▶ **WORK TO BE COMPLETED**: No line before the one holding "Gray 10 Pcs Kids Play Sofa X84108" is wanted; restate word for word that line and all lines after it to the end of the entries, excluding pictures.

++++++

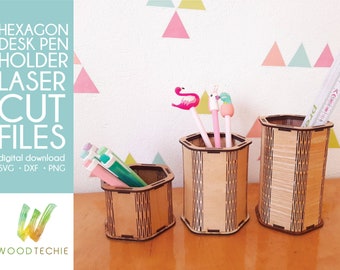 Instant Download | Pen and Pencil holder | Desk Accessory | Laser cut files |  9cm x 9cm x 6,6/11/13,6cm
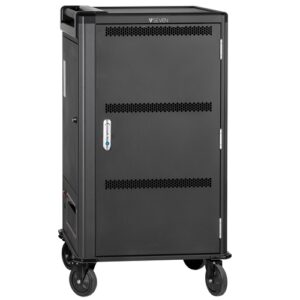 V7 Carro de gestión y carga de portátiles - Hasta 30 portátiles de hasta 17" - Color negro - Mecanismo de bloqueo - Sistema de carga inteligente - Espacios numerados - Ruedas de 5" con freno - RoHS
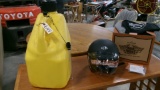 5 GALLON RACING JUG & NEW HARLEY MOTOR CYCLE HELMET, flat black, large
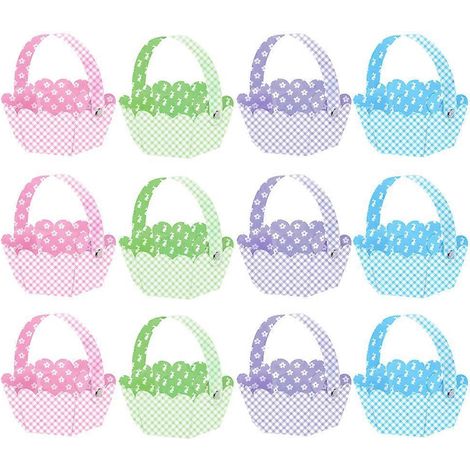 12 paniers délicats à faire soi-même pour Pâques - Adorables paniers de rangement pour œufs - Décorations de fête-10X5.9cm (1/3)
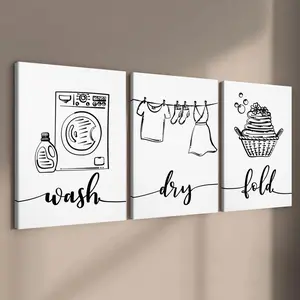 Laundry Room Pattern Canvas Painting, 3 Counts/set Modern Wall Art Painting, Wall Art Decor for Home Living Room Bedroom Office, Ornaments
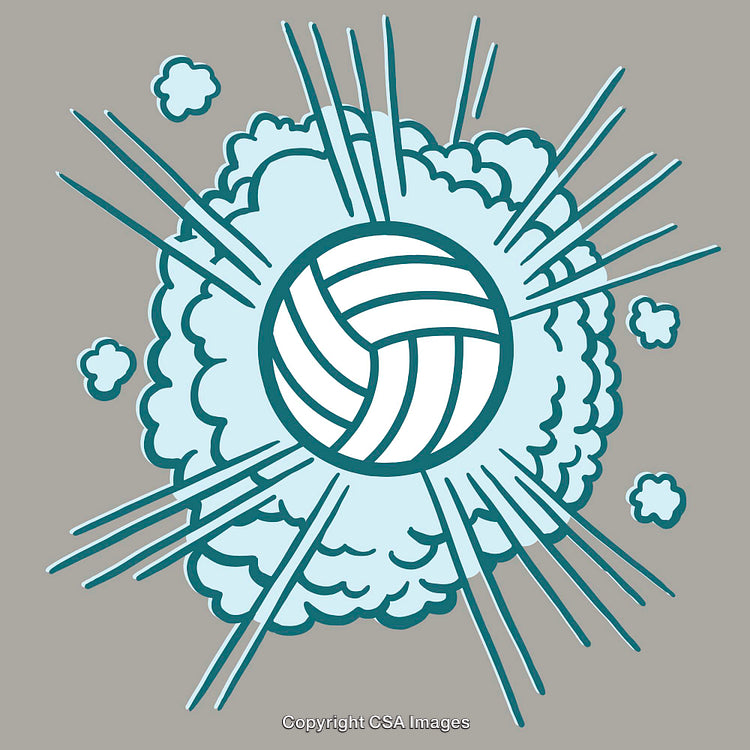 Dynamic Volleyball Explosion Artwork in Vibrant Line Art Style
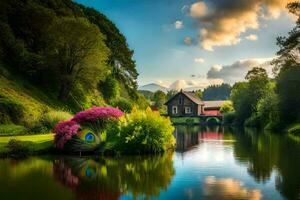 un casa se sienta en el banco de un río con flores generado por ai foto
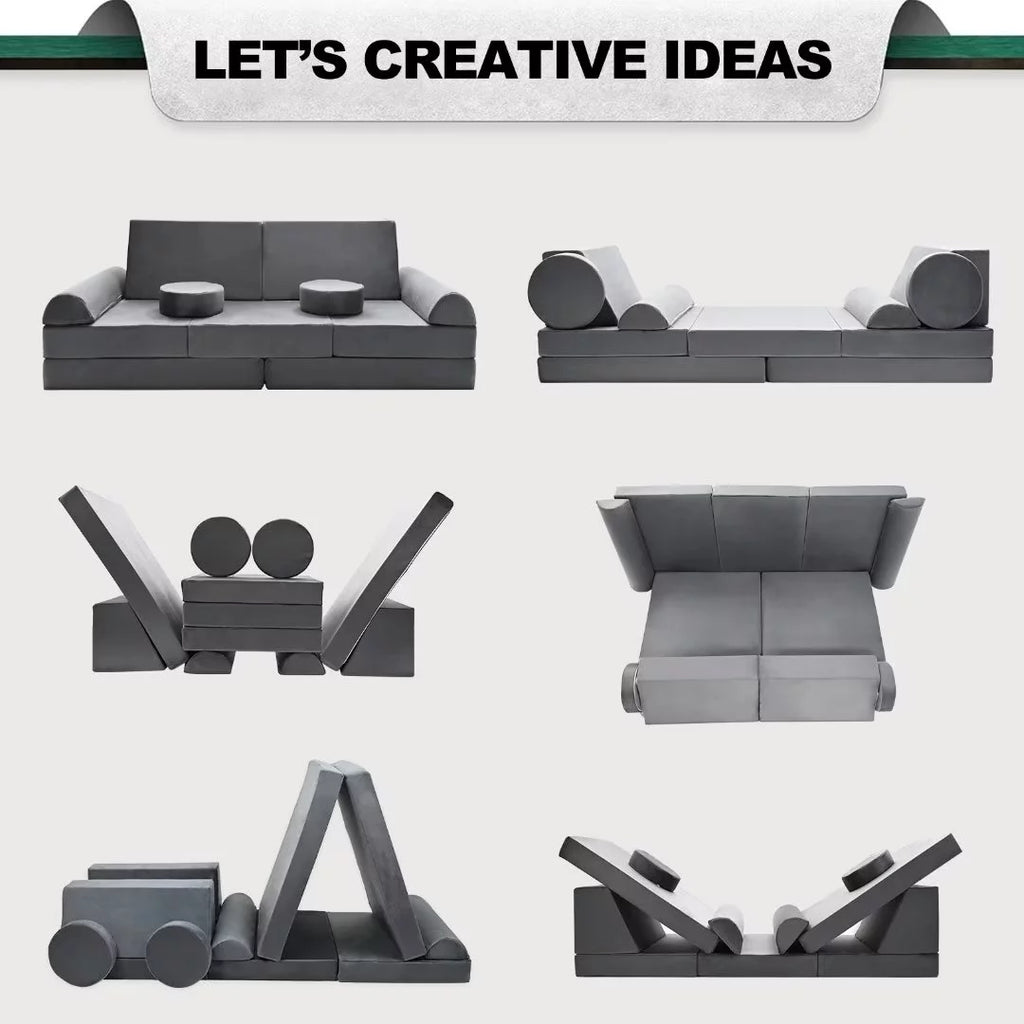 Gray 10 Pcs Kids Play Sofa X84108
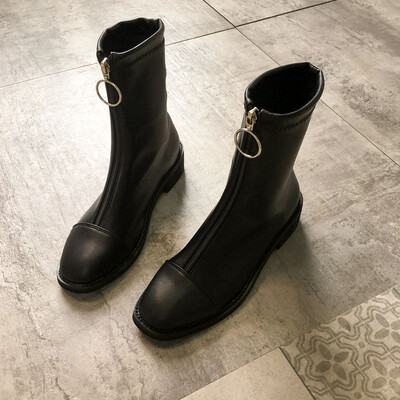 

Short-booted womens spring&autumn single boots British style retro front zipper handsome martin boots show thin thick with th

++++++

▶ **ANSWER BOX**:
 Gray 10 Pcs Kids Play Sofa X84108

Short-booted womens spring&autumn single boots British style retro front zipper handsome martin boots show thin thick with th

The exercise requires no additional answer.